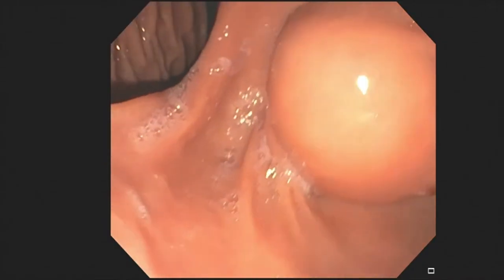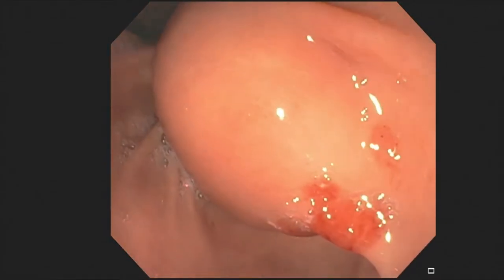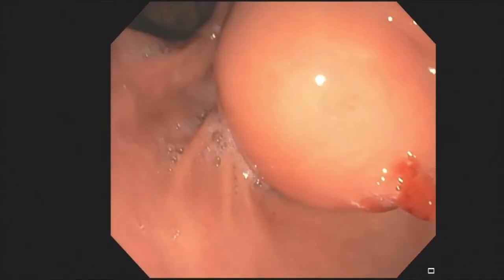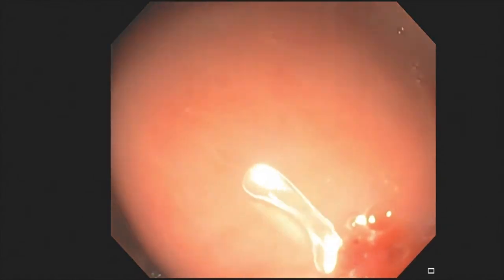On endoscopy examination, a sub-epithelial lesion is visualised in the gastric antrum.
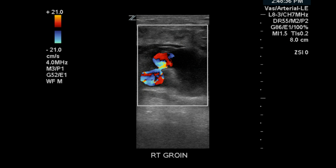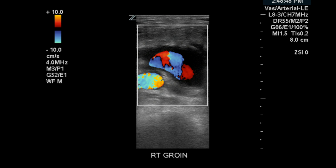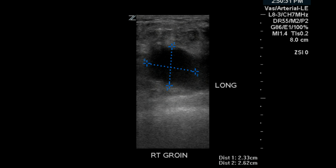Here's an image of the neck and the classic swirling red and blue color pattern of a pseudoaneurysm. Now, it's important to take diameter measurements for two reasons: for the interpreting physician's information to determine how large of an area he may have to inject, and for follow-up studies to determine if the area has gotten either larger or smaller.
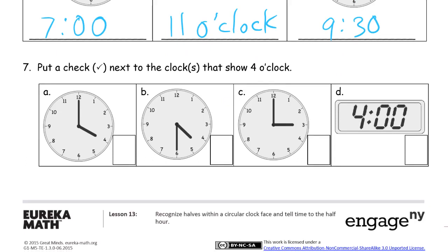Put a check next to the clock that shows 4 o'clock. Here we have an hour hand pointing at the 4 and the minute hand right up at the 12, so that's 4 o'clock. The next one has the hour hand in between the 4 and the 5 with the minute hand down at the 6, so that's 4:30. Another one has the hour hand pointing at 3 — that's 3 o'clock, so we don't check that. And 4:00 is 4 o'clock, so we check both of those.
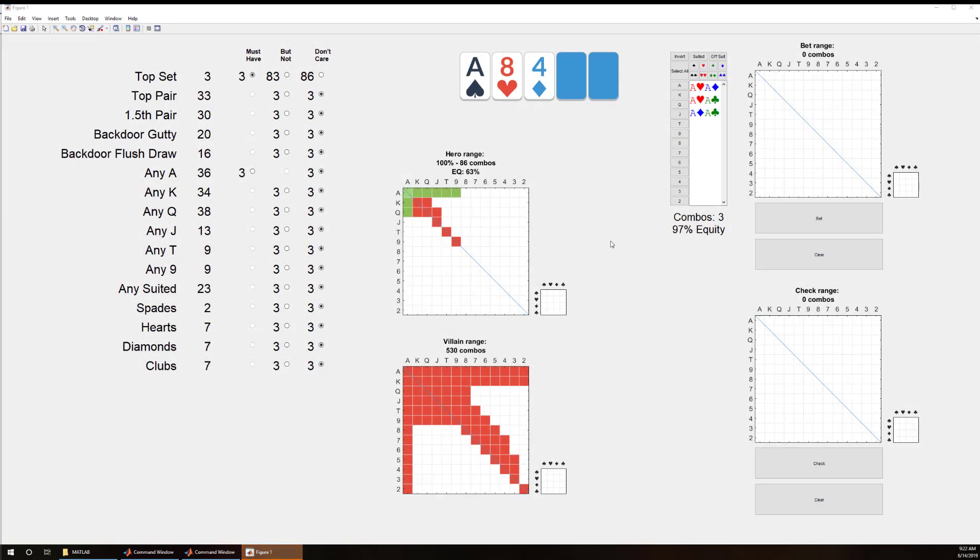Hello, this is Doug over at Red Chip Poker giving you an early view of some software that I'm developing. This software is to help with taking your range and breaking it up into different pieces like we learned in Miller's book, Poker's 1%.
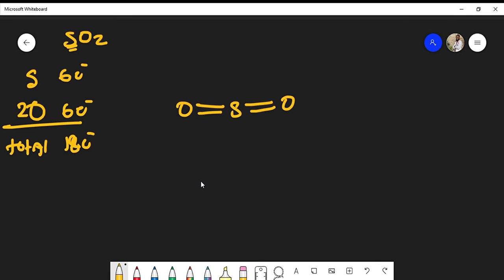Because sulfur can have an expanded octet, we're going to leave sulfur for a minute and move on to the oxygens, because oxygen must satisfy the octet rule. Since I already have four valence electrons around the oxygen, I could put an additional two pairs of lone pairs on each oxygen. At this point, the oxygen's octet is satisfied on both sides.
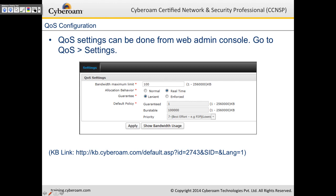You can change the QoS settings from the web admin console by going to QoS and then Settings. The first setting is the bandwidth maximum limit — specify the maximum bandwidth in kilobytes (not kilobits). When it says 100, that's 800 kbps. If you have 2 or 3 WAN links, add all of them up and specify the sum here. There is also an allocation behavior: normal or real-time.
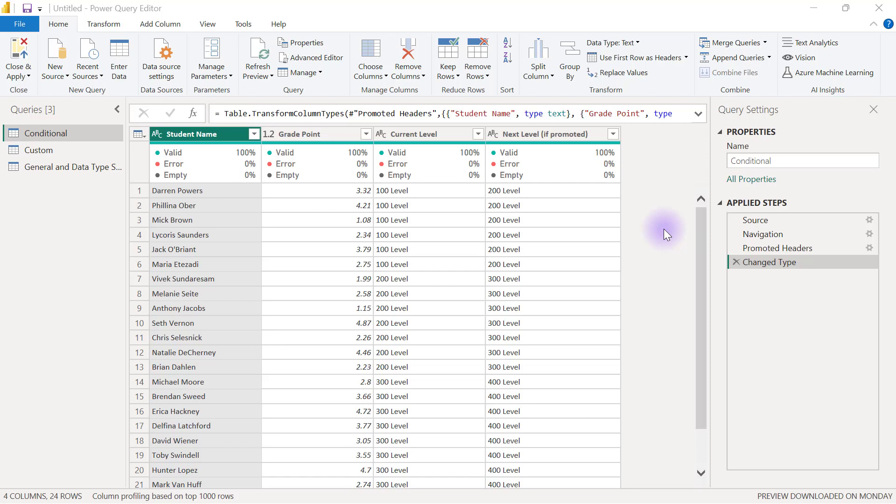Sometimes you need to create a new column but you don't know exactly how to go about it and you probably cannot find any user interface button in Power Query that can achieve that for you. That's when you may want to consider using Column from Examples.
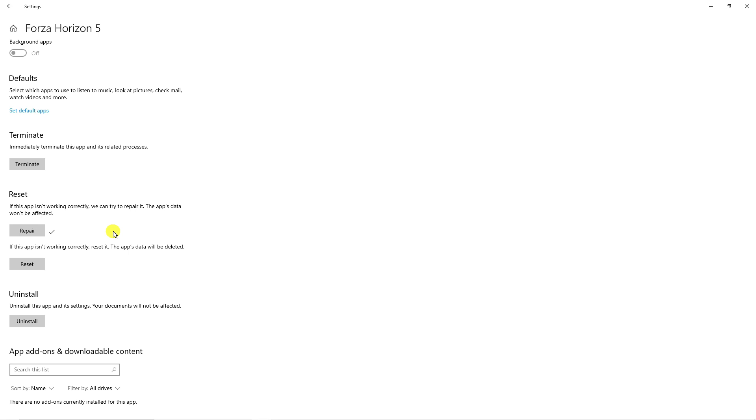Now if that's not working correctly the next thing I would recommend is to reset but just bear in mind that the app's data will be deleted as it does say here and once you've tried that you should be able to launch Forza Horizon 5.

> _Description of the task_
Restate the material word for word from its first line through the line containing "Sometimes you need", both included; the pictures do not belong in it.

> _Result for this exercise_
On endoscopy examination, a sub-epithelial lesion is visualised in the gastric antrum.
Here's an image of the neck and the classic swirling red and blue color pattern of a pseudoaneurysm. Now, it's important to take diameter measurements for two reasons: for the interpreting physician's information to determine how large of an area he may have to inject, and for follow-up studies to determine if the area has gotten either larger or smaller.
Put a check next to the clock that shows 4 o'clock. Here we have an hour hand pointing at the 4 and the minute hand right up at the 12, so that's 4 o'clock. The next one has the hour hand in between the 4 and the 5 with the minute hand down at the 6, so that's 4:30. Another one has the hour hand pointing at 3 — that's 3 o'clock, so we don't check that. And 4:00 is 4 o'clock, so we check both of those.
Hello, this is Doug over at Red Chip Poker giving you an early view of some software that I'm developing. This software is to help with taking your range and breaking it up into different pieces like we learned in Miller's book, Poker's 1%.
Because sulfur can have an expanded octet, we're going to leave sulfur for a minute and move on to the oxygens, because oxygen must satisfy the octet rule. Since I already have four valence electrons around the oxygen, I could put an additional two pairs of lone pairs on each oxygen. At this point, the oxygen's octet is satisfied on both sides.
You can change the QoS settings from the web admin console by going to QoS and then Settings. The first setting is the bandwidth maximum limit — specify the maximum bandwidth in kilobytes (not kilobits). When it says 100, that's 800 kbps. If you have 2 or 3 WAN links, add all of them up and specify the sum here. There is also an allocation behavior: normal or real-time.
Sometimes you need to create a new column but you don't know exactly how to go about it and you probably cannot find any user interface button in Power Query that can achieve that for you. That's when you may want to consider using Column from Examples.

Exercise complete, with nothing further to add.